> [Records for this task]
::::::
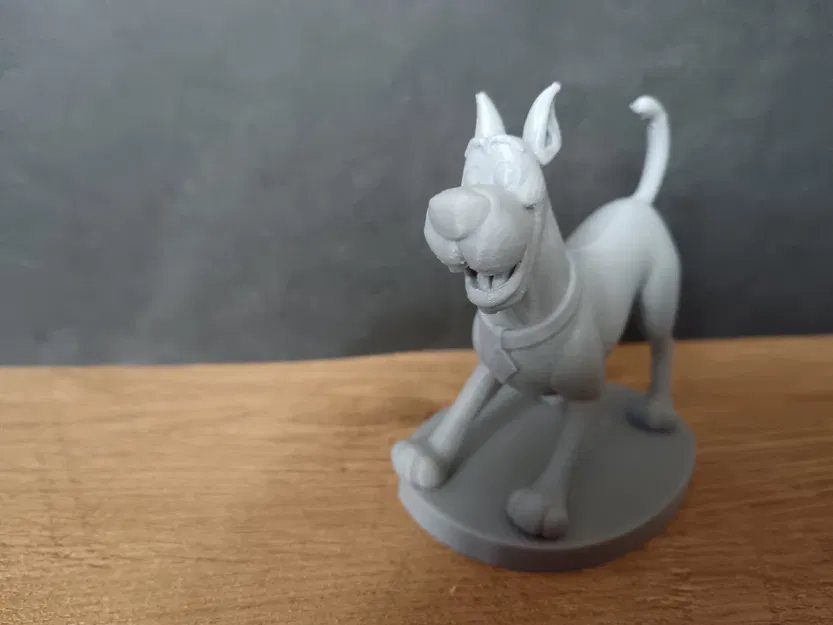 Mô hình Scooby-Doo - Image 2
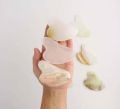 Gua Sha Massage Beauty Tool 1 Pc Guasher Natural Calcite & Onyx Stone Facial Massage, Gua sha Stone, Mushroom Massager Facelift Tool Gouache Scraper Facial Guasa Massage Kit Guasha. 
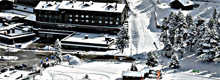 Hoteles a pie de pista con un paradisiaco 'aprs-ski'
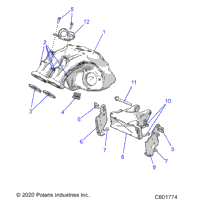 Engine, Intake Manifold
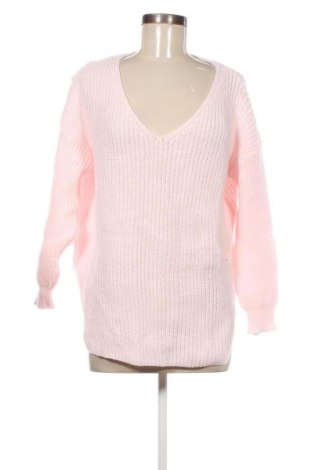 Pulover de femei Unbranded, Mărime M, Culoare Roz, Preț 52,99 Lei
::::::
> [What is being asked] Pictures do not go in the copy. Write out exactly the lines from the line containing "Hoteles a pie" through the last line of the listing.

> [Completed task]
 Hoteles a pie de pista con un paradisiaco 'aprs-ski'
 Engine, Intake Manifold
 Pulover de femei Unbranded, Mărime M, Culoare Roz, Preț 52,99 Lei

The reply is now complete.